Let's face it, a Christian barbecue under normal circumstances sounds about as much fun as, well, a Muslim barbecue.

But I think the Christians need to apologise not only for their cultural insensitivity (a trait we have seen from them throughout history) but also for their stupidity.

Why not take up an inflatable couch and small camp-style cooker ideally suited to the circumstances?

My Great Uncle Kenny, nicknamed the Taranaki Mountain Goat, has been a mountain guide in that area for more than 40 years and had never heard that it was culturally insensitive to cook and eat on top of Mt Taranaki.

He is, however, the first to admit that he has never actually climbed the mountain himself, choosing to spend most of his time on the coast, or at his partner Raylene's flat in Palmerston North. It was Raylene who gave him his nickname.

This is, of course, the same Uncle Kenny who was involved in a plane crash in the Peruvian Andes, much like the infamous incident involving a South American rugby team two years earlier.

The bulk of the passengers on Uncle Kenny's plane, however, were new recruits into the Jenny Craig programme.

In both tragic crashes the survivors had to eat their fellow passengers to survive.
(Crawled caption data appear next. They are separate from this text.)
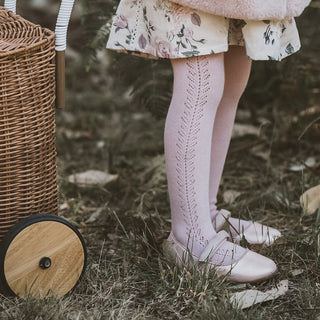 OPEN WORK TIGHTS - DUSKY PINK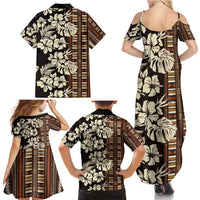 Bula Fiji Masi Family Matching Summer Maxi Dress and Hawaiian Shirt Tapa Tropical Hibiscus Half Stylized - Polynesian Pride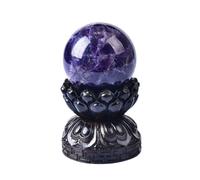 Amethyst Crystal Ball Crystals Sphere Gemstone Specimenwith Wooden Stand for, Feng Shui, Home Decor,8cm/3.1in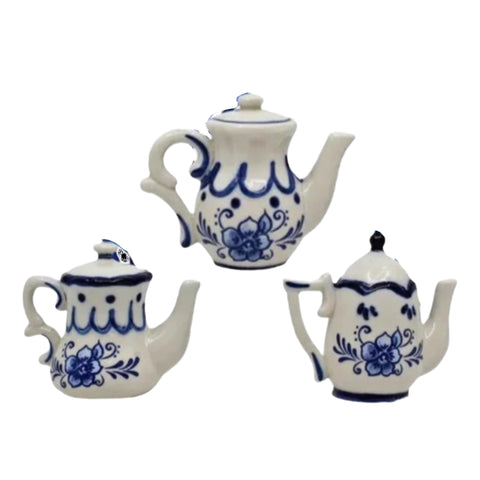 Assorted Delft Teapot Ornament, INDIVIDUALLY SOLD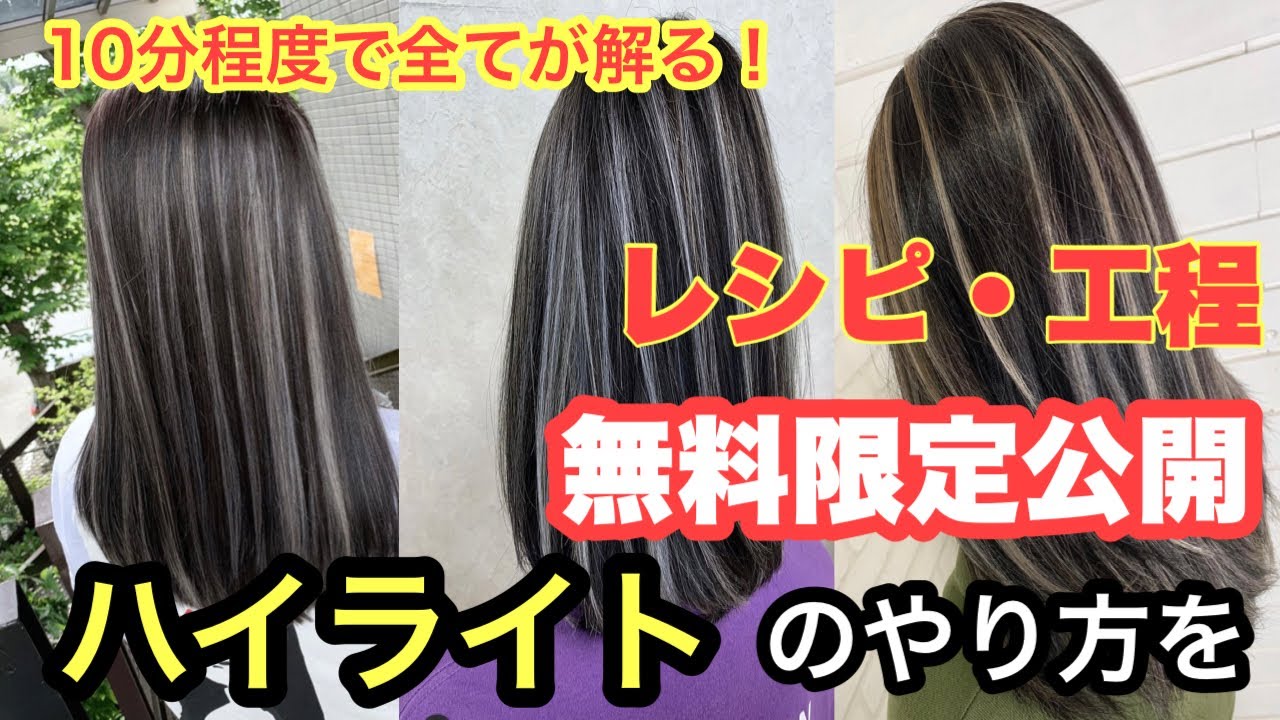 【ハイライトカラー】全工程・レシピ、解説無料公開！！【バレイヤージュ】【エアタッチ】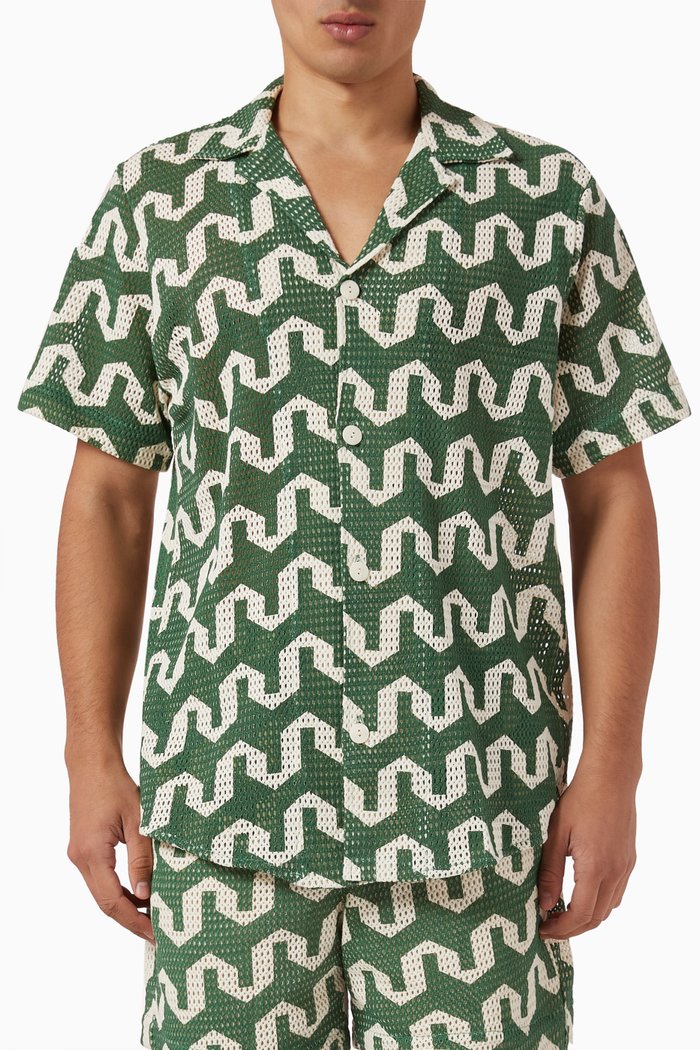 

Atlas Cuba Net Shirt in Woven Bobbinet, Green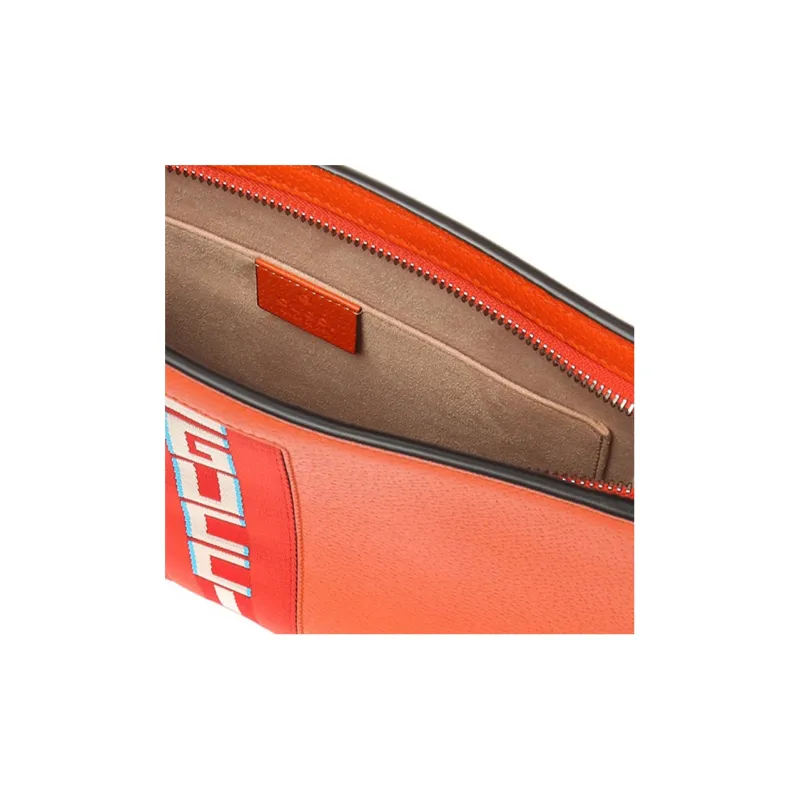 GUCCI Grain Leather Clutch Men's Orange-3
However many people have since argued that Uncle Kenny's plane may never have crashed at all, had the pilots not been the first to be eaten.

But let's get back to the present controversy.

The barbecue looked fairly lame - there was no alcohol involved, so local iwi can be thankful that there wasn't more long-term damage caused to the mountain.

The guy carrying the couch all the way to the top was certainly engaging in some sort of act of martyrdom, designed to resemble the burden Jesus had to bear when he carried his cross up Golgotha.

If they really wanted to make a scene they should have conducted a mock crucifixion on top of Mt Taranaki over Easter.

Carrying a barbecue, as opposed to something more practical like a camping cooker, is another prime example of the impracticalities of modern religion, always focusing on unimportant symbolism, as opposed to common sense.

Jesus didn't feed the 40,000 with a humungous sausage sizzle.

He did it simply and tastefully by breaking fish and loaves, and both would have been easy to transport to the top of the mountain.

But no, they had to cart up the sacred barbecue and holy sofa.

The Christians were clearly showboating.

Mt Everest, the mother of all mountains, is extremely sacred to the local sherpas - yet Sherpa Tensing and Edmund Hillary shared some food and soup at the summit, because if they hadn't they probably wouldn't have had the strength to get down and take their place in history.

The point is, common sense must always be the deciding factor, and I am glad I wasn't at that barbecue.